School of Civil Engineering, Sun Yat-sen University, Guangzhou 510275, China.
School of Civil Engineering, Sun Yat-sen University, Guangzhou 510275, China.
Sci Total Environ. 2023 May 15;873:162378. doi: 10.1016/j.scitotenv.2023.162378. Epub 2023 Feb 23.

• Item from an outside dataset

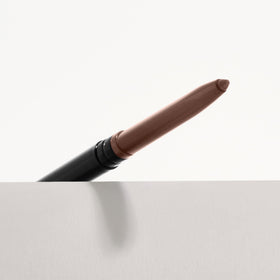 Applying VASANTI Kajal Waterline Eyeliner Hazel Brown on the lower lid with precise control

Precipitation data with high accuracy and spatial resolution characteristics play significant roles in the regional hydrological and eco-environmental system applications. Thus, satellite-based precipitation products (SPPs) with high spatial resolution and high accuracy must be developed. This study proposed a multiple-step scheme to improve the global precipitation measurement (GPM) at daily and monthly timescales over the Tibetan Plateau (TP) from 2014 to 2017. First, combined with the geographically weighted regression (GWR) method using geographic and topographic factors, the gamma-distribution mapping and local intensity scaling (GDM-LOCI) method is applied to effectively merge the observed data attributes and the spatial representation of SPPs at the daily scale by correcting precipitation volumes and frequencies. Second, the areal merged precipitation, normalized difference vegetation index (NDVI), and reanalyzed atmospheric data are used to improve the spatial resolution of monthly GPM with a random forest (RF) model that uses the 17 land cover types to establish the local downscaling model windows. The results show that daily merged precipitation can better reflect the spatial and temporal variability of precipitation than can satellite estimates, and the correlation coefficient (R), and critical success index (CSI) increased by 0.12 and 0.26, respectively. In the merged downscaling model, the merged precipitation factor can weaken the negative effect of the other auxiliary predictors due to its spatial autocorrelation in precipitation estimation. Most importantly, by using the land cover types to establish local model windows for the downscaling model, not only the spatial resolution of the GPM product is downscaled to 1 km, but also the spatial structure of the downscaled products is enhanced, with less deviation and a higher spatial correlation. The R, the root mean square error (RMSE) and the relative bias (BIAS) were 0.89, 50.19 mm and 0.57, respectively. This study presents a promising scheme for generating high-quality precipitation data for regional hydrometeorological research in data-scarce regions.
具有高精度和高空间分辨率特征的降水数据在区域水文和生态环境系统应用中起着重要作用。因此,必须开发具有高空间分辨率和高精度的卫星降水产品(SPP)。本研究提出了一种多步骤方案,以提高 2014 年至 2017 年青藏高原(TP)逐日和逐月时间尺度上的全球降水测量(GPM)的精度。首先,结合使用地理和地形因素的地理加权回归(GWR)方法,应用伽马分布映射和局部强度缩放(GDM-LOCI)方法,通过校正降水体积和频率,有效地合并观测数据属性和 SPP 的空间表示。其次,利用面积合并降水、归一化差异植被指数(NDVI)和再分析大气数据,使用随机森林(RF)模型提高 GPM 的空间分辨率,该模型使用 17 种土地覆盖类型建立局部降尺度模型窗口。结果表明,逐日合并降水可以比卫星估计更好地反映降水的时空变化,相关系数(R)和关键成功指数(CSI)分别增加了 0.12 和 0.26。在合并降尺度模型中,由于降水估计中的空间自相关,合并降水因子可以减弱其他辅助预测因子的负面影响。最重要的是,通过使用土地覆盖类型为降尺度模型建立局部模型窗口,不仅可以将 GPM 产品的空间分辨率降尺度到 1km,而且可以增强降尺度产品的空间结构,减少偏差和提高空间相关性。R、均方根误差(RMSE)和相对偏差(BIAS)分别为 0.89、50.19mm 和 0.57。本研究提出了一种有前途的方案,可为数据稀缺地区的区域水文气象研究生成高质量的降水数据。